Daniel Pipes graduated from Harvard in 1971, the same year in which Paul and I graduated from Dartmouth. To Daniel’s misfortune, one of his college classmates was Chuck Schumer. Schumer, the next year, was one of my law school classmates. Happily, I have no recollection of ever having met him. Daniel writes:
“The worst class ever”: that’s how Nathan Pusey, Harvard’s then-president, described my undergraduate cohort of 1971.
What a time, when a college administrator would say such a thing!
With a half century’s leisure to contemplate that bitter judgment, I’ve concluded that he was just about right. Of course, one can’t be sure, as no one can know all of Harvard’s 385 graduating classes. I can assert, however, that ours was not just feckless in college – what Pusey observed and condemned – but in the fifty years since, when it actively joined in the degradation of American higher education and culture.
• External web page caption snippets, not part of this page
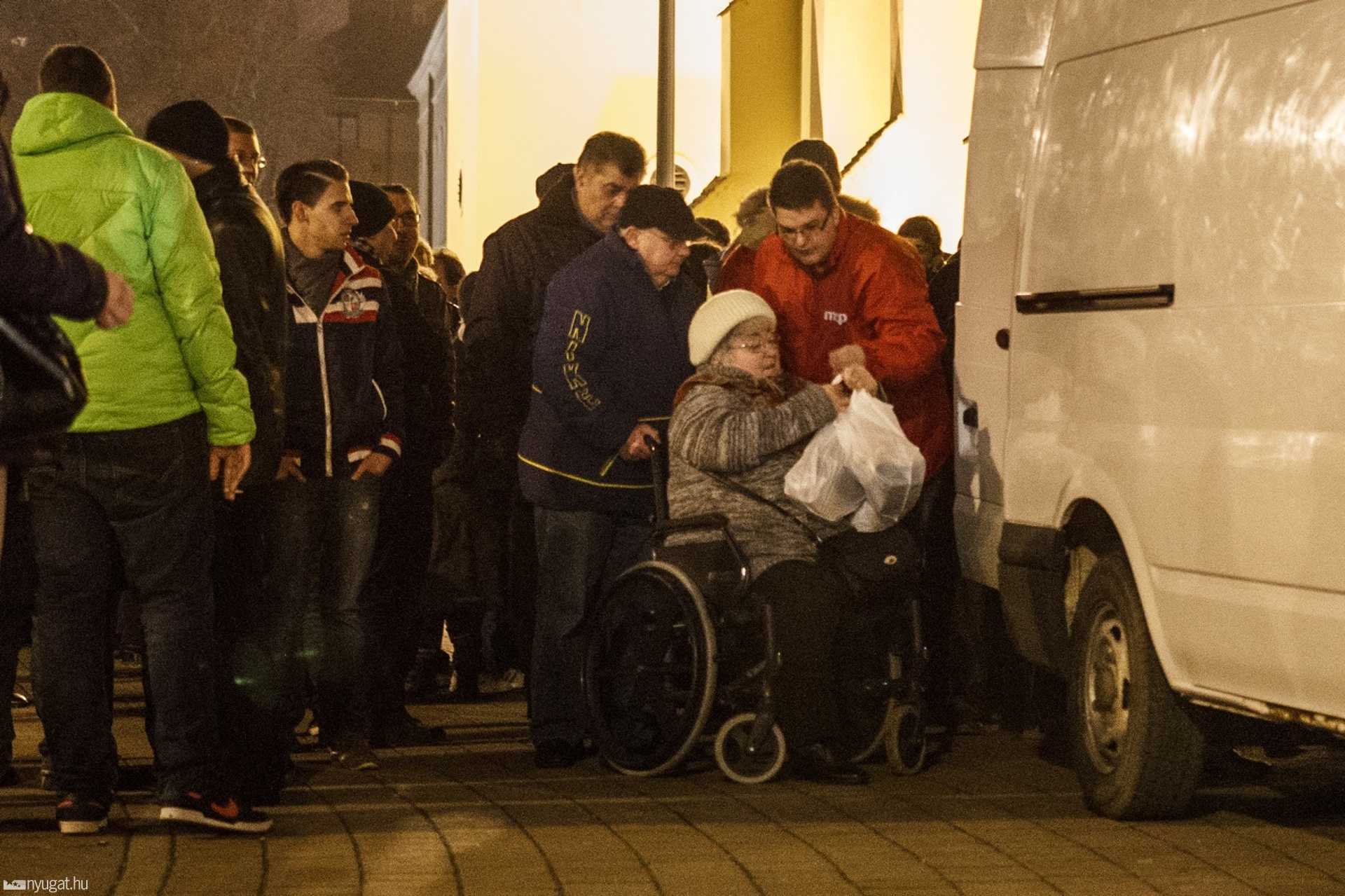 Ételosztás a Megyebál előtt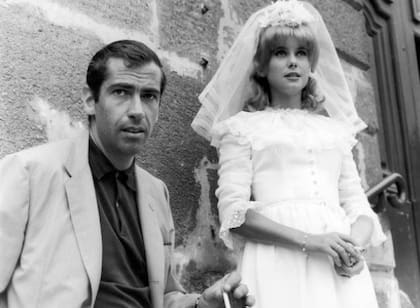 Deneuve y Vadim en la filmación de una película; su verdadero casamiento se canceló por pedido de su ex Annette (Foto: Getty Images)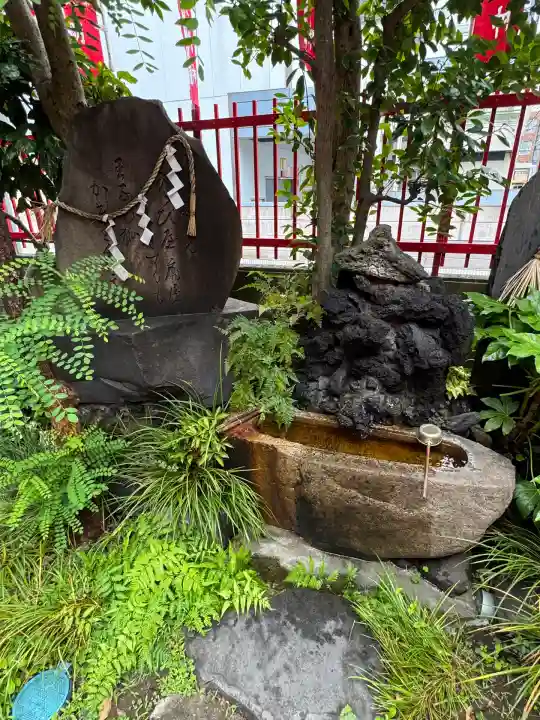 装束稲荷神社(王子稲荷神社境外摂社)(東京都)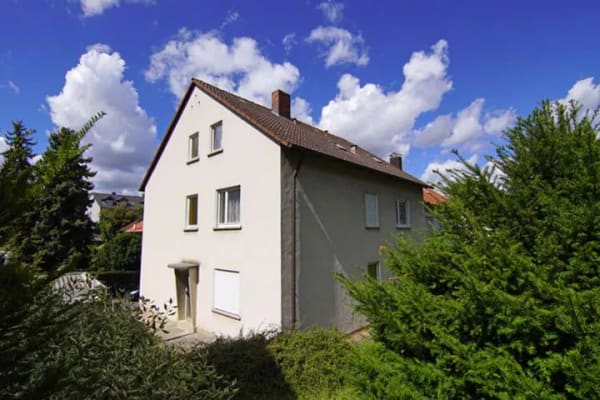 Immobilie in Roßtal - Roßtal / S-Bahn Lauflage: Zweifamilienhaus mit ausgebautem Dachgeschoß und Garage - Bild 0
It is one thing to be dumb when you are 19. It is something else entirely to be dumb when you are 50.
We entered a liberal university in 1967 and left a radicalized one four years later. Consider the innovations: pass-fail courses, student representatives on tenure committees, politicized “studies” departments and majors, relevancy the new yardstick. In addition, student life was transformed through co-ed housing, co-ed nude swimming, and an end to the dress code, ROTC, and parietals. (As an experiment, ask someone under 70 what parietals means.)
Heh. At Dartmouth, we didn’t have nude co-ed swimming. For that matter, we didn’t have co-eds, period. Let alone nude ones.
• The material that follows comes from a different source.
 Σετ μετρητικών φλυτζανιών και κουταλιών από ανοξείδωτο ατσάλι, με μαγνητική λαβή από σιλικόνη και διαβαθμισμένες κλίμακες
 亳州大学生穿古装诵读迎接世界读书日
Christi Gloriam (“For the glory of Christ”) served as Harvard’s motto during its first two centuries. To adapt to different times, that was changed to the secular Veritas in 1836. This motto now again being woefully outdated, it urgently needs to be replaced. Our class of ’71 should propose Propaganda. This Latin term has several advantages: it conveniently dates to 1622, or just before Harvard’s founding in 1636; it requires no translation into English; and it precisely captures Harvard’s new spirit which our class bumptiously promotes.
Almost every institution of “higher education” in the U.S. has undergone a similar devolution. Pipes understands what has been lost:
We were among the last to receive a solid, demanding, apolitical education; for this, I am deeply grateful. I learned from masters of their craft. Guided by them, I wrote classical music, puzzled over differential geometry, memorized Chinese dynasties, understood the importance of Marsilius of Padua, stumbled over Arabic grammar, and appreciated the impact of the Six-Day War. I relish that training the more knowing that few of today’s undergraduates experience anything like it (and, being the parent of a college junior, I know this first hand).
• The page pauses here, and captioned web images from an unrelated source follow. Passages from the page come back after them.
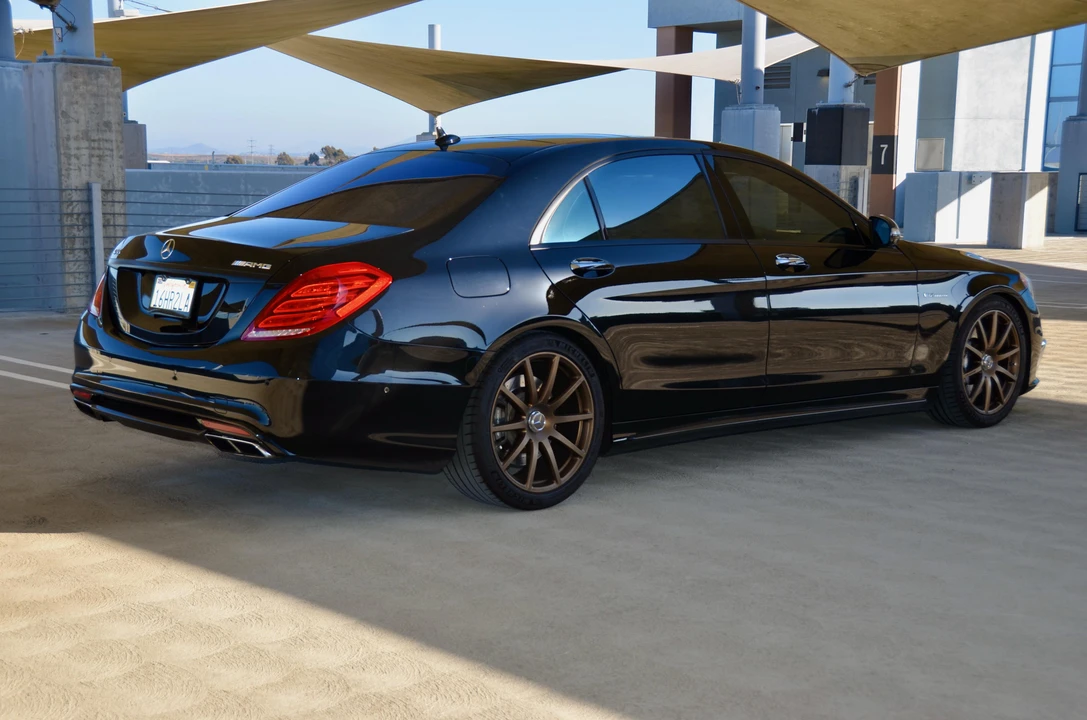 2015 Mercedes-Benz W222 S 63 & S 65 AMG - Image 21 of 31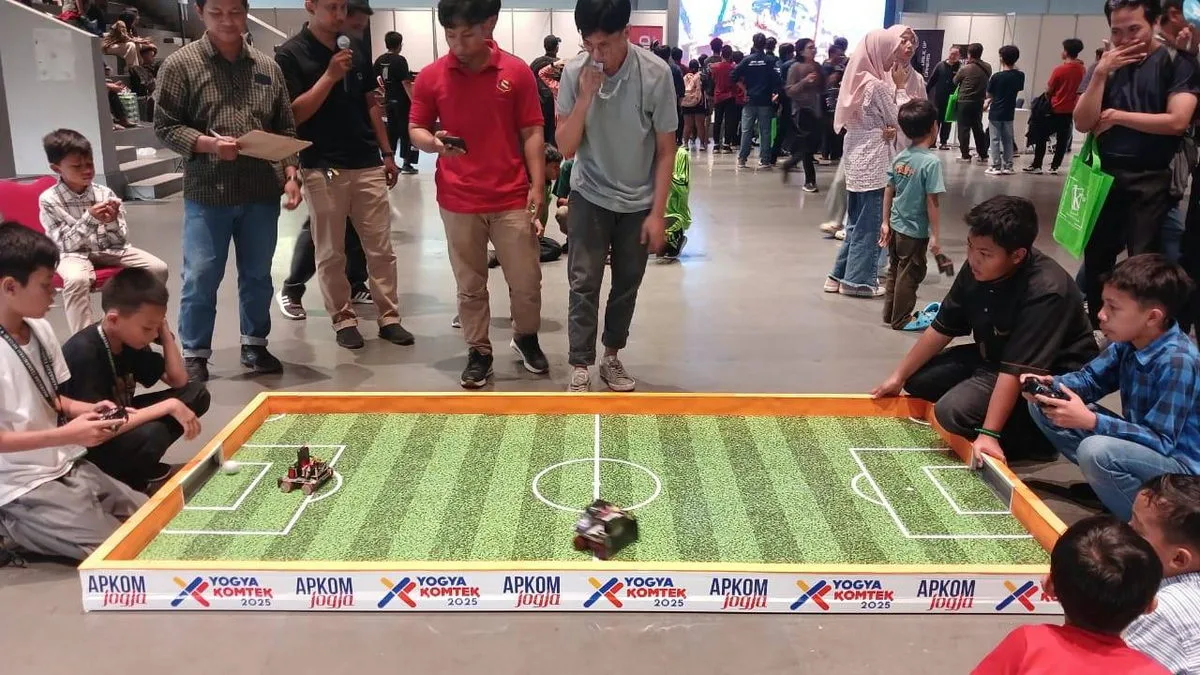MTsN 9 Sleman Kirim Dua Tim dalam Kompetisi Robot Soccer Yogyakomtek 2025
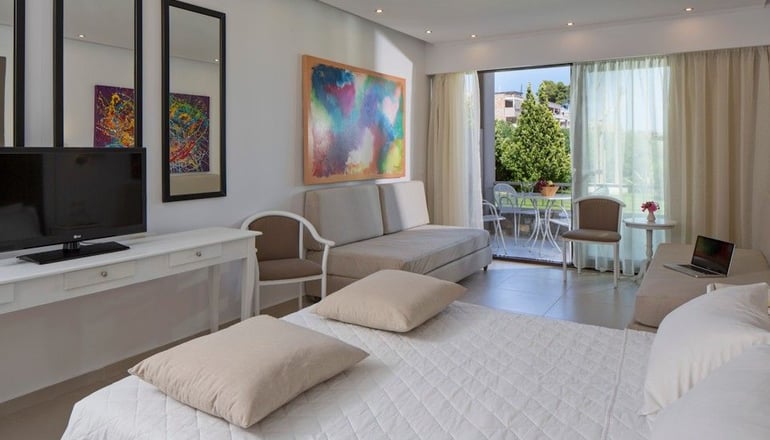 5* Kassandra Bay Resort, Suites & SPA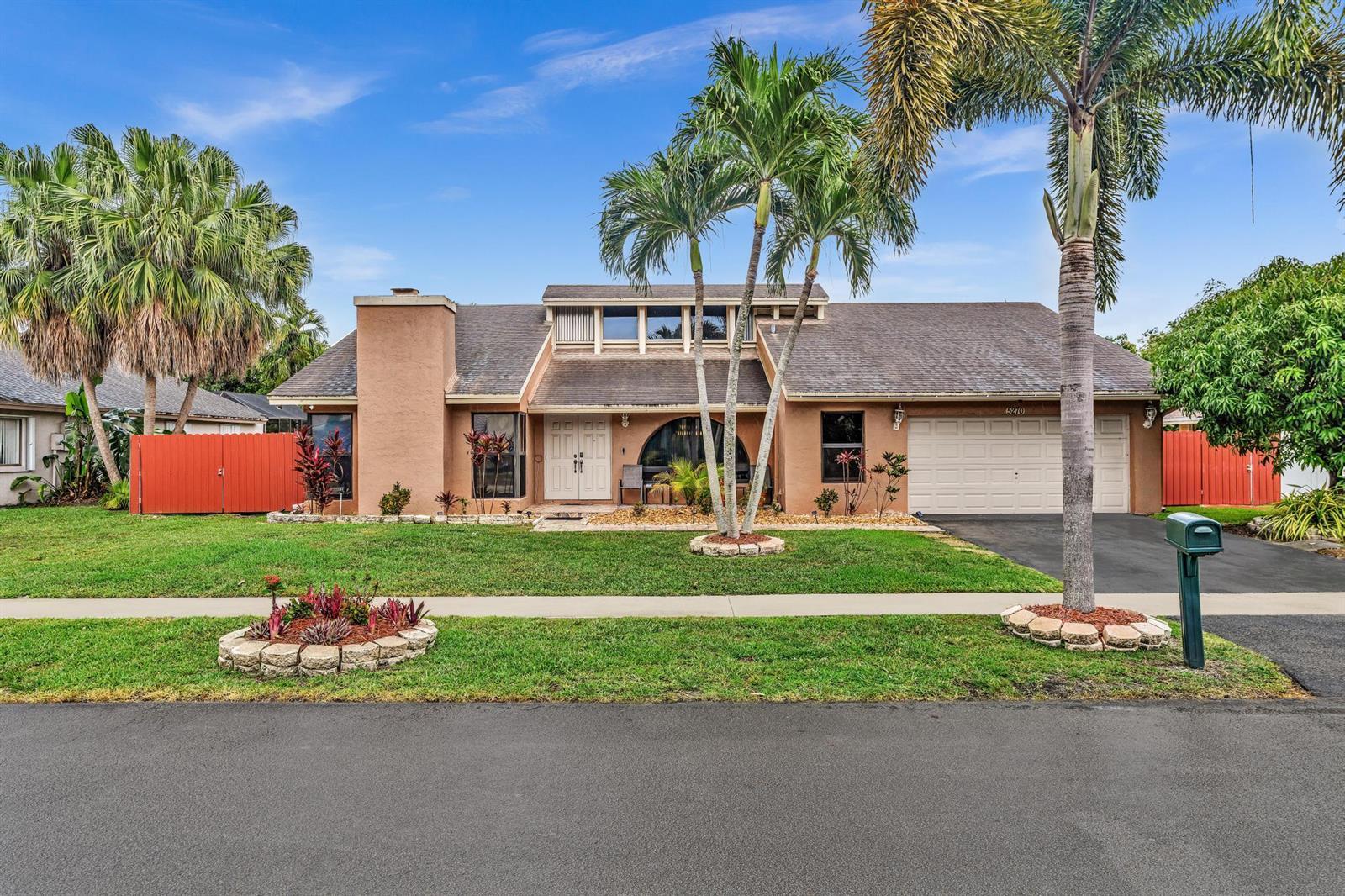 5270 NW 73rd Way, Lauderhill FL 33319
Sad but true. Paul and I feel the same way. With only one exception that I can remember, I never had any idea what my professors’ political opinions were. Why would it even come up?
On to Senator Schumer:
Our cohort did its share to transmute crazed ideas from the aeries of our ivory tower a half-century ago into the lunacy that has become dogma among half the American population. Our classmate Chuck Schumer symbolizes this extension. During Harvard’s years of revolution, he was president of the Young Democrats. Today, he is majority leader of the U.S. Senate. In both capacities, he triangulated between moderates and radicals; in both cases, he ended up facilitating extremism. His apprenticeship at Harvard prepared him well for national demolition today.
That is our dismal legacy.
I can’t defend what certain elements of my generation have done to undermine American civilization. All I can say is that some members of our generation–Paul, Scott, and I to name a few of the less important–have done what we can to fight back.